» **WHAT YOU SHOULD DO**
Output range, inclusive: from the line containing "925 Ayar Gümüş" to the line containing "Dipinto su tela". Restate those lines from the data below word for word and only those.

+++

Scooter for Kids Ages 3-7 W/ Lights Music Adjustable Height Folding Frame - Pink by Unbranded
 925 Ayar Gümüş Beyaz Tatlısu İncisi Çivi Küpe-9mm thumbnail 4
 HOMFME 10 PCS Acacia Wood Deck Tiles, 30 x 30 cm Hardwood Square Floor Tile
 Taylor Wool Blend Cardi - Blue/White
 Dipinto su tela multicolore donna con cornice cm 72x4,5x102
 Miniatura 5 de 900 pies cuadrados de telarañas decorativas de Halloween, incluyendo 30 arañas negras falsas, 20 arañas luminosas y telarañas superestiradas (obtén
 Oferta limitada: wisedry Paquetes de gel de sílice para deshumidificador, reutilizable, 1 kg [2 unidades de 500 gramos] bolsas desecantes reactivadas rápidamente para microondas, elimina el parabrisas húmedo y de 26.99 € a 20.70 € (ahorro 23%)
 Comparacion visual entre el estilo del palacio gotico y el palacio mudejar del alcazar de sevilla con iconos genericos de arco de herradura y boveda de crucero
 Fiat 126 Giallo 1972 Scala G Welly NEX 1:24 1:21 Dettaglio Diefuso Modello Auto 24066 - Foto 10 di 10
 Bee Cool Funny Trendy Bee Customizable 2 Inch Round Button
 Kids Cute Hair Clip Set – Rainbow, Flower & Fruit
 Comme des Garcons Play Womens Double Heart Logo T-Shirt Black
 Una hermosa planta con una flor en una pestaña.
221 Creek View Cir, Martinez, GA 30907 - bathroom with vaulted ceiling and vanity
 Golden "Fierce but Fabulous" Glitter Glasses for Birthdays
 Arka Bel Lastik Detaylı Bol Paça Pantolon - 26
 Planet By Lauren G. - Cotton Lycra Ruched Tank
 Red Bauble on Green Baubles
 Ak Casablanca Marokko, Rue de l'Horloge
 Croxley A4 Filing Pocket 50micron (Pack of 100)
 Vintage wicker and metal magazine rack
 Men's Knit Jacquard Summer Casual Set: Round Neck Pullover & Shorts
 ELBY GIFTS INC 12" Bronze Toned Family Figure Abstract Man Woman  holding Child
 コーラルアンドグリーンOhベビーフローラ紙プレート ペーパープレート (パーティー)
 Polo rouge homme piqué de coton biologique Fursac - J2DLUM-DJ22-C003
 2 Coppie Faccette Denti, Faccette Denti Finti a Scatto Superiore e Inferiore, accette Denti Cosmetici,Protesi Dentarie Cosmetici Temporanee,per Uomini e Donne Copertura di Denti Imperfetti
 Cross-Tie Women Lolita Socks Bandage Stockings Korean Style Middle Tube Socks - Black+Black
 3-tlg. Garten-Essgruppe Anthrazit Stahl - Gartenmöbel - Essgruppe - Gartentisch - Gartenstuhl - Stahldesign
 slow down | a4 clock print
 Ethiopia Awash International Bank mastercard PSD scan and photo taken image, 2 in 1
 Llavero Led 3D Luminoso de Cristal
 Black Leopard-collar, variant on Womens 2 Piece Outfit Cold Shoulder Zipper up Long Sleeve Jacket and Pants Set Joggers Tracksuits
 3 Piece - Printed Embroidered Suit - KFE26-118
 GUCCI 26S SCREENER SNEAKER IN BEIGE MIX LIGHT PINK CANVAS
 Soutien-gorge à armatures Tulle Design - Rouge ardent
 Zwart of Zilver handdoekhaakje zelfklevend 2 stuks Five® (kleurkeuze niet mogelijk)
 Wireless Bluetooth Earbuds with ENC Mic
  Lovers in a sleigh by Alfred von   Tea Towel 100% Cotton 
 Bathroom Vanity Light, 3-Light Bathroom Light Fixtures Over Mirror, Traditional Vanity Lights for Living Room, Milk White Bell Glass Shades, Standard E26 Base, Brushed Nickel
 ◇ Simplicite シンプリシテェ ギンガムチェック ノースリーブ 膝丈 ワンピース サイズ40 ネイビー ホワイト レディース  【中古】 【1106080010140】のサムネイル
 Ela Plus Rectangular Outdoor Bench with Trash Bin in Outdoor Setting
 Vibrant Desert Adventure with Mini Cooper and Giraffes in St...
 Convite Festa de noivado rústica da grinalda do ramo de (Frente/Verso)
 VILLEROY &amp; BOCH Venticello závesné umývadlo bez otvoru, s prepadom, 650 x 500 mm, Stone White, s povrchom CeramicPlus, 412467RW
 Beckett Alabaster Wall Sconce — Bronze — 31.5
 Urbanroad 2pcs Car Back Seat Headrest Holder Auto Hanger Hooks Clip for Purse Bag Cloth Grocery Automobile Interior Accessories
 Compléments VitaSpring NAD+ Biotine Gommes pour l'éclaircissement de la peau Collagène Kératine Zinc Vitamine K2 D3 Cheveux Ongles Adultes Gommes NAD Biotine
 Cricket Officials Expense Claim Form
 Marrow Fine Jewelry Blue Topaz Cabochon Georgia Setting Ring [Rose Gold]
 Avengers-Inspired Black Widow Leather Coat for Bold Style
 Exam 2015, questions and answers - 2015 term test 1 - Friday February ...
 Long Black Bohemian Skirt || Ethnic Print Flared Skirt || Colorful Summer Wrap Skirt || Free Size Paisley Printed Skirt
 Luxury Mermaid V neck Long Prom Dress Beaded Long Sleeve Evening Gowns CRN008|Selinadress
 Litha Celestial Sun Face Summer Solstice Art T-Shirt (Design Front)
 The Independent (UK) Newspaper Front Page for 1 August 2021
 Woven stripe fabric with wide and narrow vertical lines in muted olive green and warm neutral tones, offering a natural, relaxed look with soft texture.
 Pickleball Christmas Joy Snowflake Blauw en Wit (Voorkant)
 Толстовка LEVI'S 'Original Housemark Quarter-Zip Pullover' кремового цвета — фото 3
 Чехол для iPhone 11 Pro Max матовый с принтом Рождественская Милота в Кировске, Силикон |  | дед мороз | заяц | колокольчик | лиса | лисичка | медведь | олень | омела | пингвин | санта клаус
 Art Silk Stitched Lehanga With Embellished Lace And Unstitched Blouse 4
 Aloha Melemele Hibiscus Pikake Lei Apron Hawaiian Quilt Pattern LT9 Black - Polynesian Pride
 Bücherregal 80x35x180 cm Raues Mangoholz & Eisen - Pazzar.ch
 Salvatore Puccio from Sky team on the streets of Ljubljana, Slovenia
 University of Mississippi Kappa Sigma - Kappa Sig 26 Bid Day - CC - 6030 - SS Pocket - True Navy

+++

» **WORKED SOLUTION**
 925 Ayar Gümüş Beyaz Tatlısu İncisi Çivi Küpe-9mm thumbnail 4
 HOMFME 10 PCS Acacia Wood Deck Tiles, 30 x 30 cm Hardwood Square Floor Tile
 Taylor Wool Blend Cardi - Blue/White
 Dipinto su tela multicolore donna con cornice cm 72x4,5x102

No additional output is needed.